JL: It was probably as big as the one we were staying in, but it still seemed like a big house; big Elvis. And he has lots of guys around him, you know sort of all these guys that he used to live near. You know, just like we did. We'd always have tons of Liverpool people around us, so I guess he was the same. He had pool tables. I don't know, maybe a lot of American houses have them. But it seemed amazing to us. It was like a nightclub.

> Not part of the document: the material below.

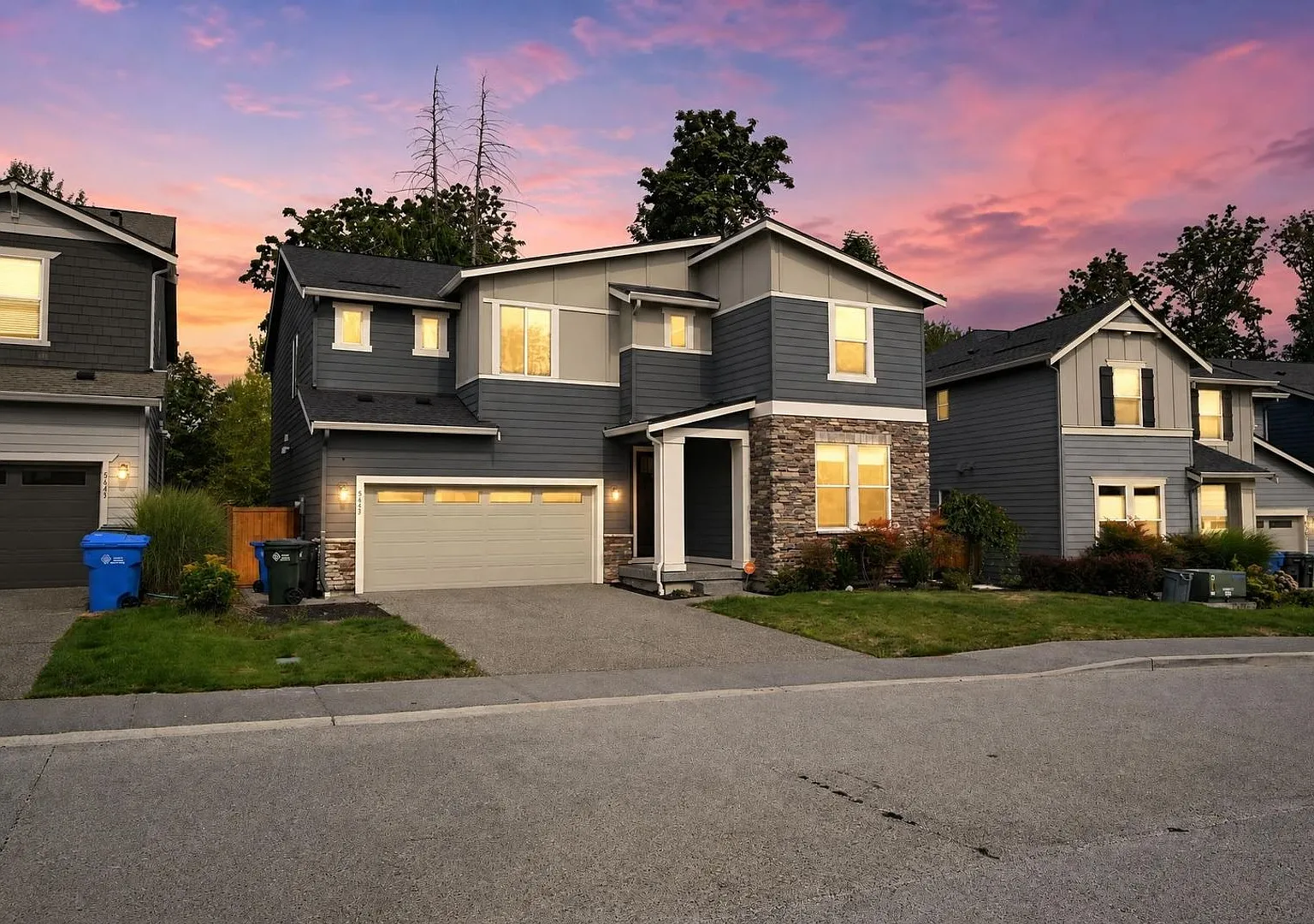Spacious 4BR House in Tacoma — Photo 1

He had the t.v. on all the time, which is what I do anyway, and in front of the t.v. he had this massive Fender amplifier with a bass plugged into it, and he's playing bass all the time with the picture off on the t.v. (laughter). So we just got in there and played with him. You know, plugged in to what was around and we all played and sang. And he had a jukebox, like I do, but with all his hits on there. If I made as many as him, maybe I'd have all mine on, too.
EM: You always say that your major appreciation in music is the very roots of rock and roll. So often you have become almost synonymous with early Elvis. I remember the thing you did in Canada, the peace rock and roll revival. You did "Blue Suede Shoes", didn't you?

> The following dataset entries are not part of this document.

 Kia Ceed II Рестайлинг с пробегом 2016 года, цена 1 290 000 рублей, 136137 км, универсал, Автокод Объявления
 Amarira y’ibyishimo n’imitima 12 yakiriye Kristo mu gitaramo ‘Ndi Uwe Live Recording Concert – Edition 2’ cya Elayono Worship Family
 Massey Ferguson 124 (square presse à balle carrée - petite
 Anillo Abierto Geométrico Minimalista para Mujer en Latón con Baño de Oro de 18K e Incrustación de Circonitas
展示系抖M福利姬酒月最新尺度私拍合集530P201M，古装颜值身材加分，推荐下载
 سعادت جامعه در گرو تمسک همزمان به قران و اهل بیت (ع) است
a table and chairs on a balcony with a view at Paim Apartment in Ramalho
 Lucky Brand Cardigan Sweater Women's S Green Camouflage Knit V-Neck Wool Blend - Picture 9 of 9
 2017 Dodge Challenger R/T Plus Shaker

JL: Yes. I did Carl Perkins' version.
EM: Carl Perkins?
JL: Yes. I had both versions when I bought them years ago and it was a bit of a sort of snob coke thing like you have in the underground now almost, you know, you have the furthest our record, right. The real instinct was to dig Carl Perkins. It was funkier and it wasn't as fast and he had a different break on the beginning of the song which is the one I learned anyhow. But Perkins' version was good because it had a very upbeat, a more glossy electronic version. So that's why I did that. But the early Presley sound I loved which was really the Sun sound that Jerry Lee and a few of them had. And then I love the bass and the piano and the guitar sound.
EM: I can imagine what your jukebox must sound like.

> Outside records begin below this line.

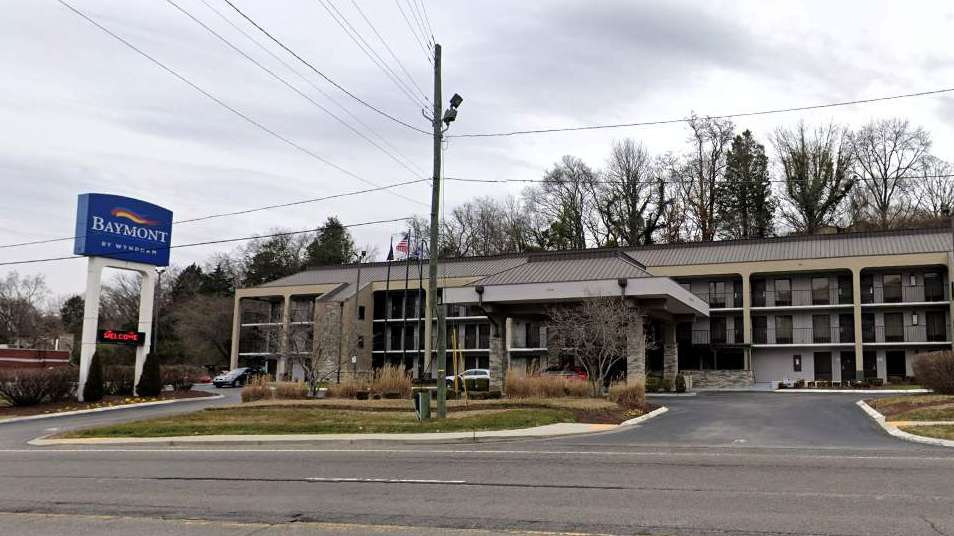 Baymont by Wyndham - 2350 Elm Hill Pike Parking
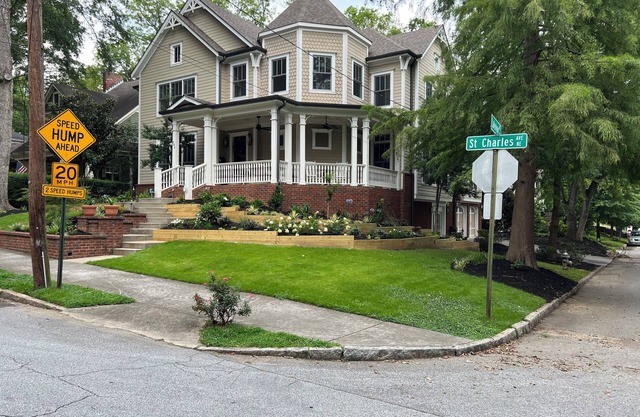 Large Midtown basement apt + walk 2 Beltline/PCM/Piedmont Park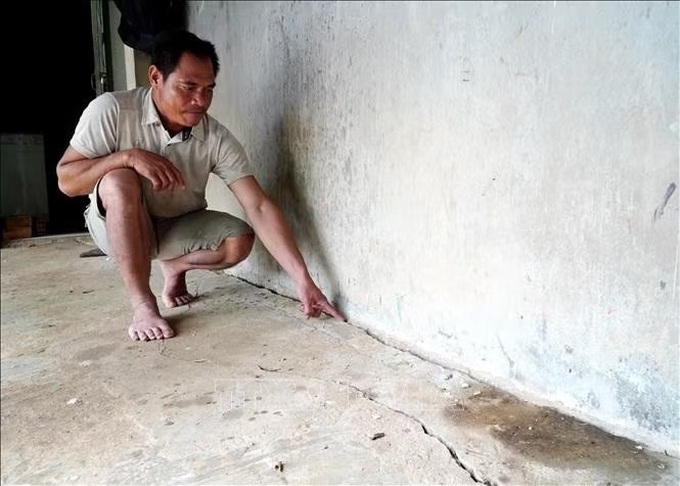Tra Khuc riverbank erosion threatens homes in Quang Ngai - 2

JL: Oh, yes, it's fantastic.
EM: Do you have any recurrent dreams or nightmares?
JL: Yes, but not lately. I haven't been having any recurrent nightmares. But there are a few in my life which I've worked out in a way. One recurrent dream all through my life, as far as I can remember, was the flying bit.
EM: The flying bit?
JL: Yes, I would always fly in kind of danger. But I haven't had that dream for quite a bit, so when it came back I'd forgotten. I'd always remembered it, as a child, sort of flying around and swimming in the air. And I'd always be swimming around where I lived or somewhere that I knew very well. Then other times I remember sort of nightmarish dreams where there would be like a giant horse or something. But this isn't a recurring thing, though.
EM: A giant horse?
JL: Whenever it would get me into a danger point I would fly away. I used to translate it to myself, when I used to dream it in Liverpool. It was that I wanted to get away from the place. I don't think there is any sort of black and white about any of those sorts of things. Later,it's just to get out of a situation, if I'm under stress. I think it's the way my mind relieves me in dreams. You have to express it somehow and dreams are as good a way as any, I guess.
EM: And in recent years you haven't been plagued with any of those recurrent nightmares?
JL: No. But I don't feel satisfied unless I've had a dream. I dream in color, too. If you're going to ask me that. It's always very great and very surreal. My dream world is complete Hieronymus Bosch and Dali. I love it. I look forward to it every night.